Activity.
Write out every entry below exactly as it appears. Pictures do not belong in the copy.

Records from a dataset:
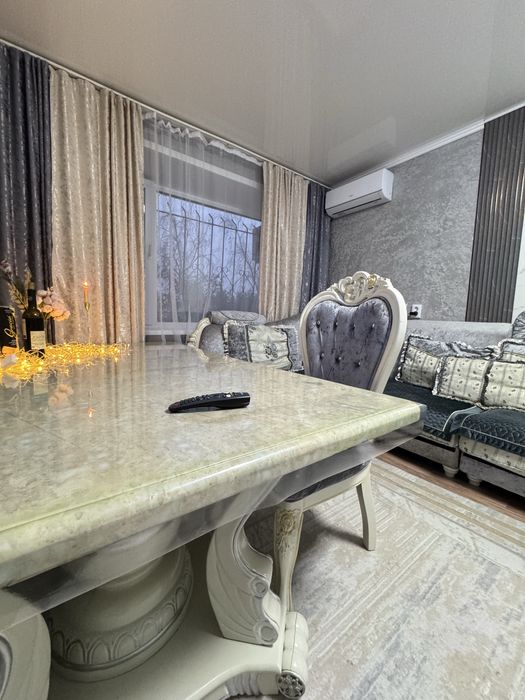 Двухкомнатная квартира по главной улице Ленина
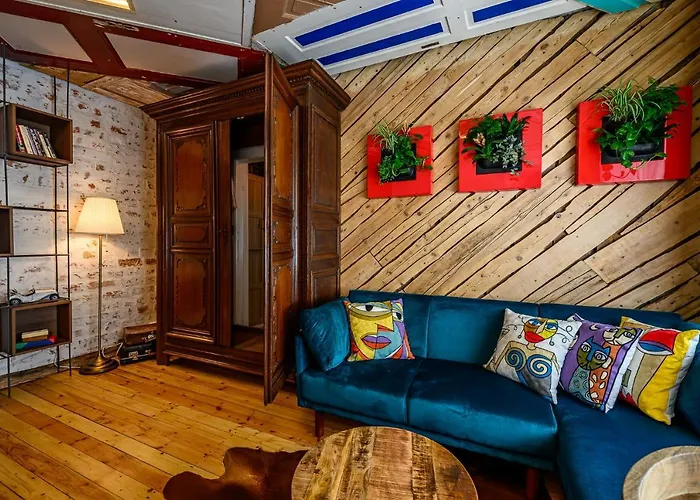 Arthouse Narnia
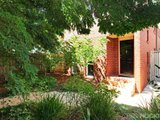 https://images.listonce.com.au/custom/160x/listings/275-williamstown-road-yarraville-vic-3013/198/01202198_img_02.jpg?SMnDSAwOQII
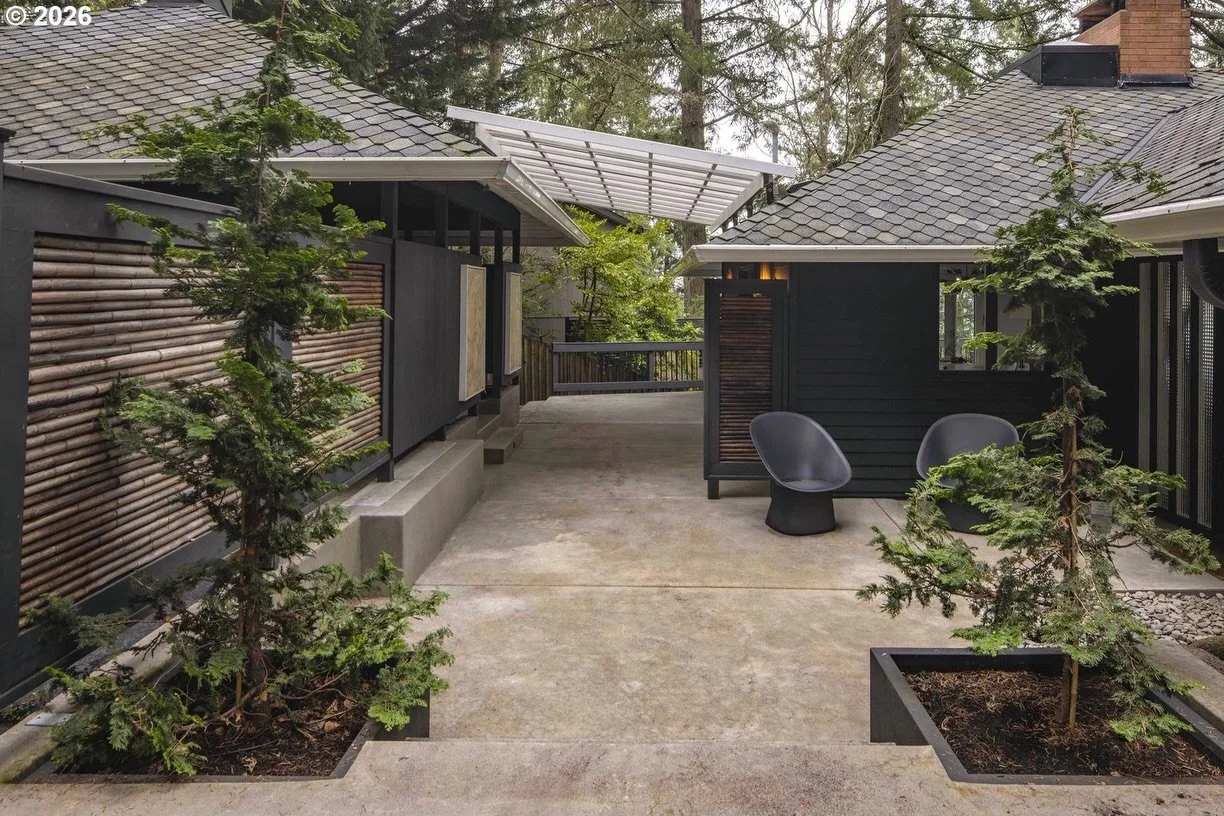 This week in Danny&rsquo;s Digest: One that really nails that Pacific Northwest modern vibe, with a strong connection to nature, a forest canopy all around, and beautifully scaled spaces for entertaining.

Rising quietly from the trees along Fairmoun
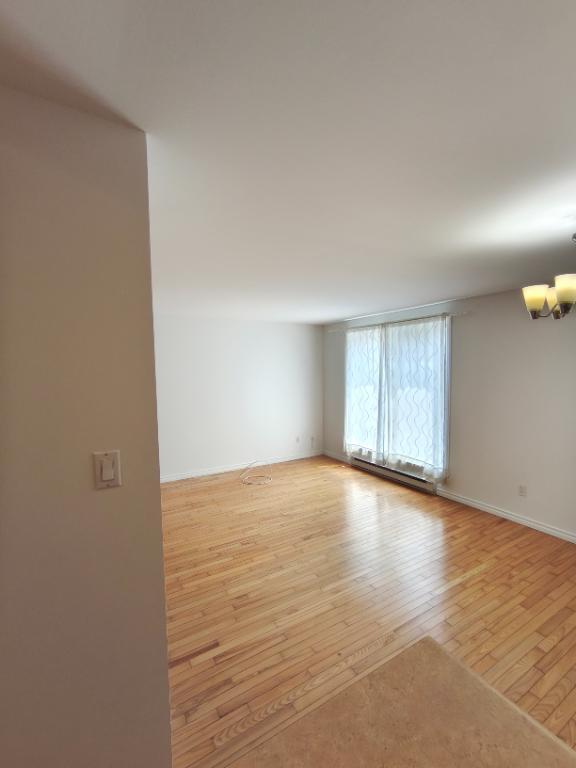 4½ Laval | Métro Concorde | Parking + Rangement | 1700$ | 3295288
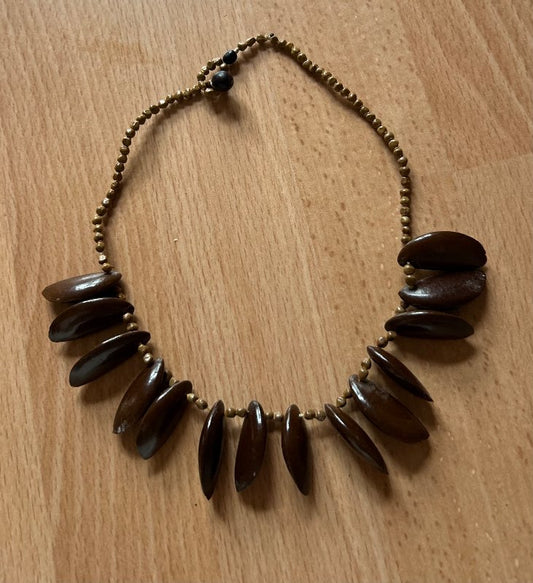 Choker men brúnt Eþíópíu náttúru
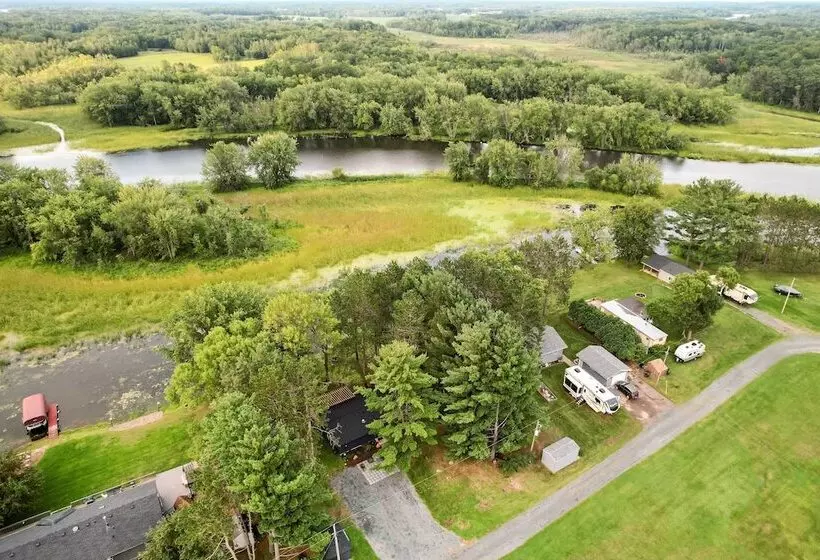 Pine City Getaway, Steps From Snake River!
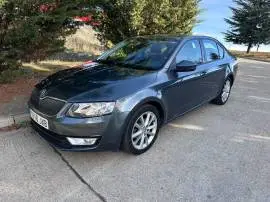 Skoda Octavia 1.6TDI, 11.999 €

Solution to the problem.
 Двухкомнатная квартира по главной улице Ленина
 Arthouse Narnia
 https://images.listonce.com.au/custom/160x/listings/275-williamstown-road-yarraville-vic-3013/198/01202198_img_02.jpg?SMnDSAwOQII
 This week in Danny&rsquo;s Digest: One that really nails that Pacific Northwest modern vibe, with a strong connection to nature, a forest canopy all around, and beautifully scaled spaces for entertaining.

Rising quietly from the trees along Fairmoun
 4½ Laval | Métro Concorde | Parking + Rangement | 1700$ | 3295288
 Choker men brúnt Eþíópíu náttúru
 Pine City Getaway, Steps From Snake River!
 Skoda Octavia 1.6TDI, 11.999 €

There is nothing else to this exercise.